### EXERCISE AIM:
All the data below goes into the copy word for word, but the pictures don't.

Caption-style text data
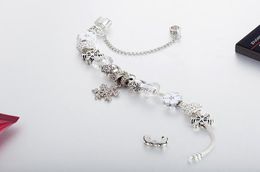 FashionFashion Brand Alloy High Quality Bracelet Fit DIY Snowflake Drops oil flowers Beads Bracelet For Women Jewelry659456264188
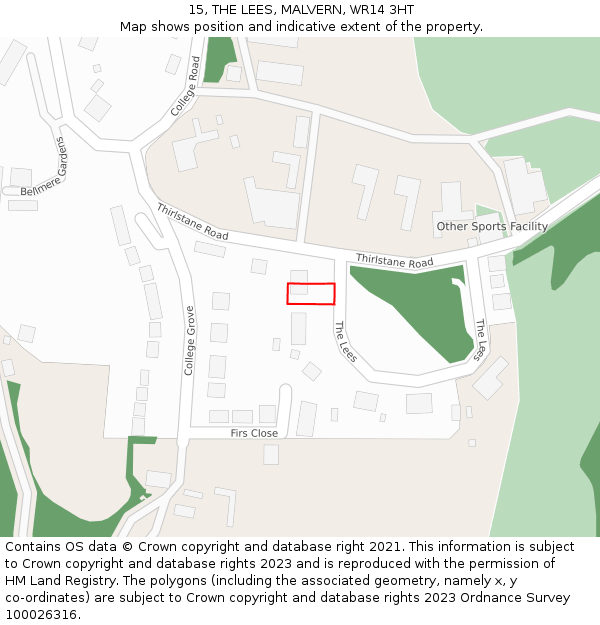 15, THE LEES, MALVERN, WR14 3HT: Location map and indicative extent of plot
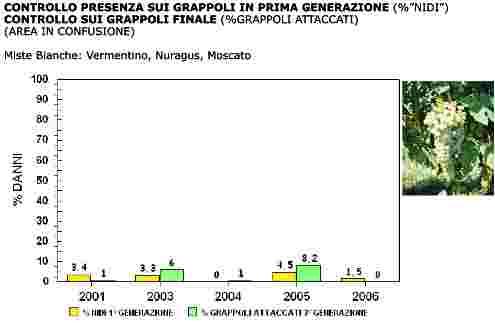 CONTROLLO PRESENZA SUI GRAPPOLI IN PRIMA GENERAZIONE (% NIDI ) CONTROLLO SUI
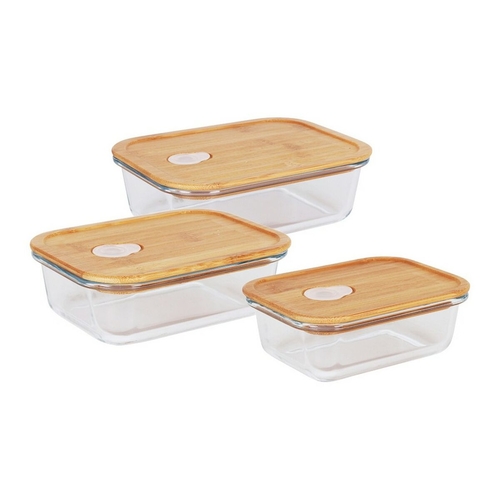 Set of 3 lunch boxes Quttin Rectangular Bamboo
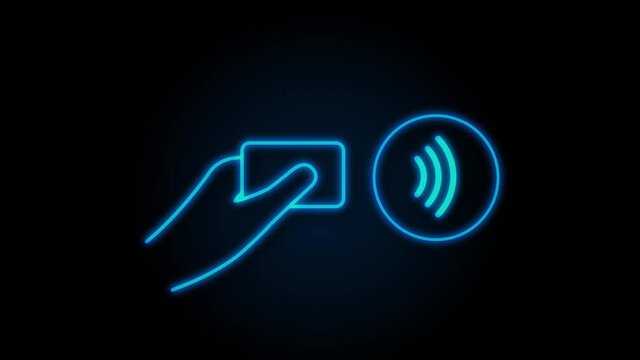 Contactless wireless pay sign logo. NFC technology. Motion graphics.
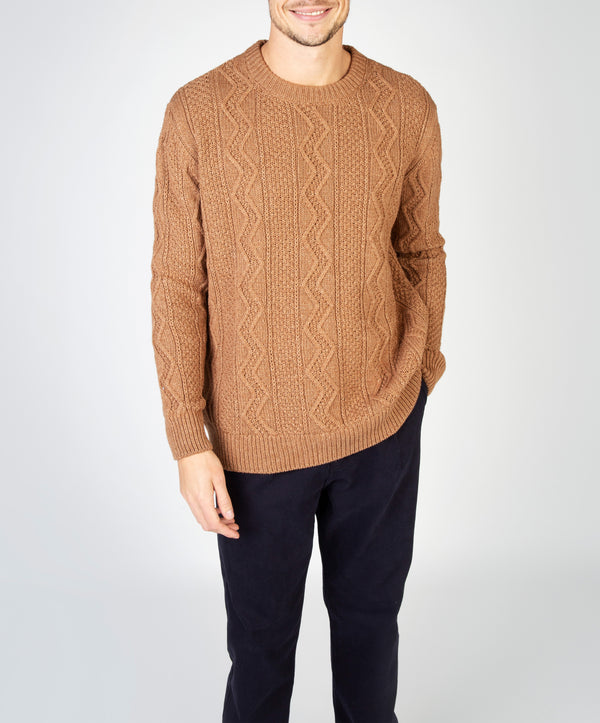 Irelands Eye Cosan Crew Neck Sweater Nutmeg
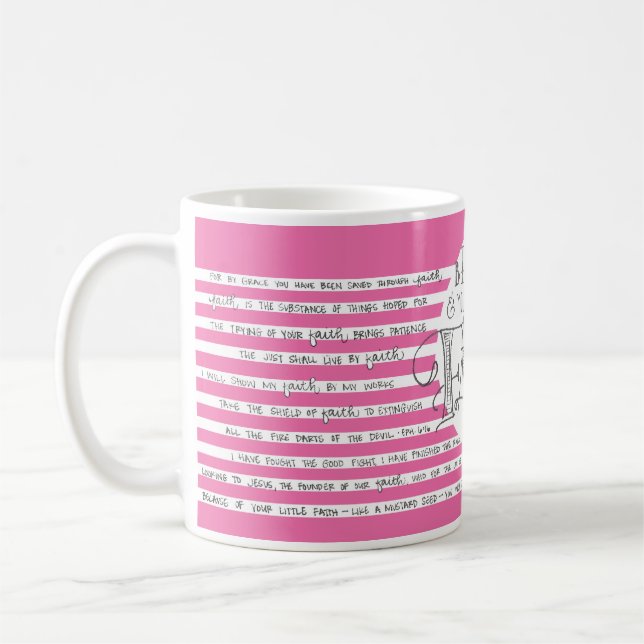 Caneca De Café Veja o que a fé faz - Rosa (Esquerda)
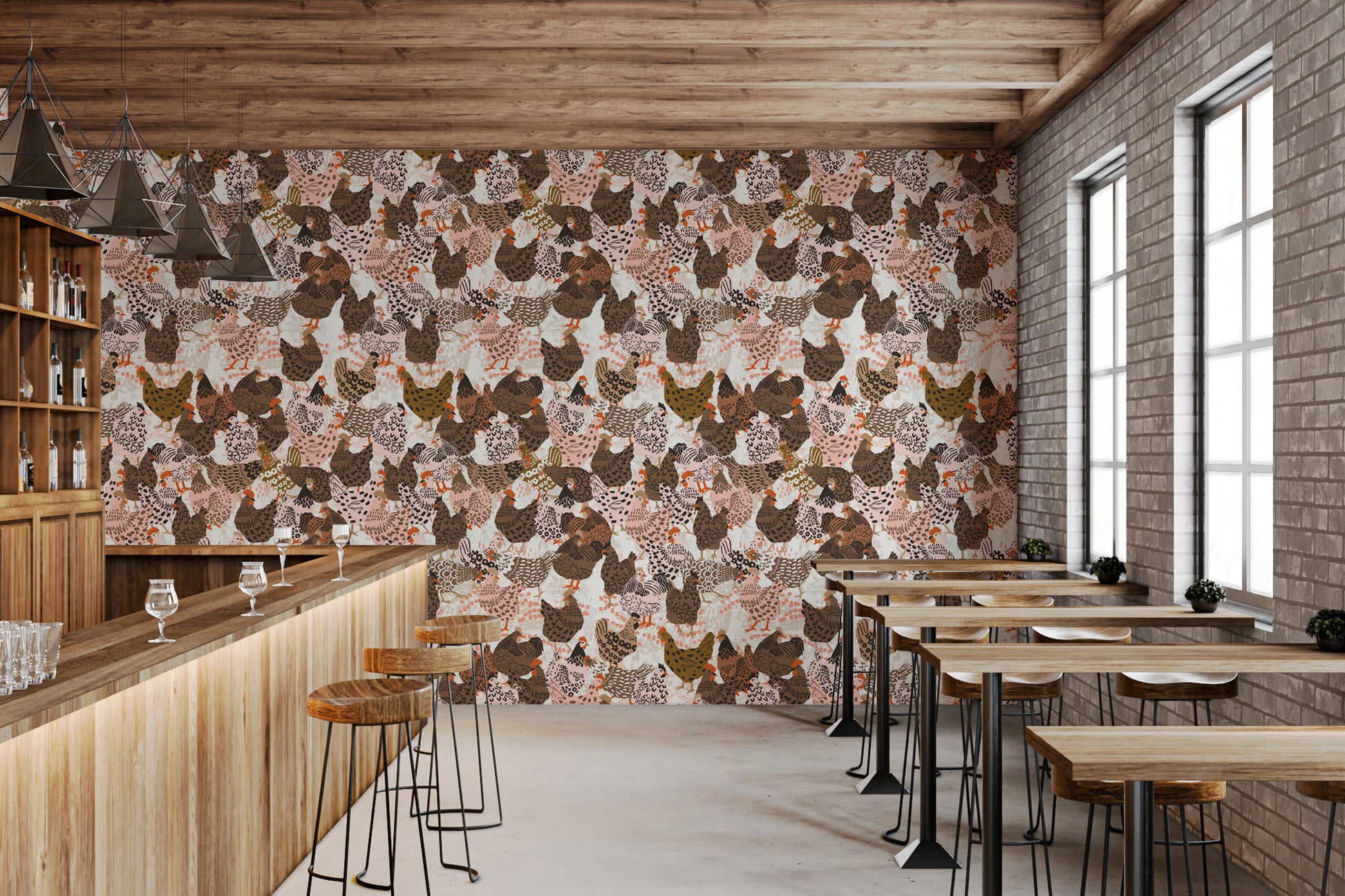 Sophisticated poultry wallpaper for cozy spaces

### RESPONSE TO THE TASK:
 FashionFashion Brand Alloy High Quality Bracelet Fit DIY Snowflake Drops oil flowers Beads Bracelet For Women Jewelry659456264188
 15, THE LEES, MALVERN, WR14 3HT: Location map and indicative extent of plot
 CONTROLLO PRESENZA SUI GRAPPOLI IN PRIMA GENERAZIONE (% NIDI ) CONTROLLO SUI
 Set of 3 lunch boxes Quttin Rectangular Bamboo
 Contactless wireless pay sign logo. NFC technology. Motion graphics.
 Irelands Eye Cosan Crew Neck Sweater Nutmeg
 Caneca De Café Veja o que a fé faz - Rosa (Esquerda)
 Sophisticated poultry wallpaper for cozy spaces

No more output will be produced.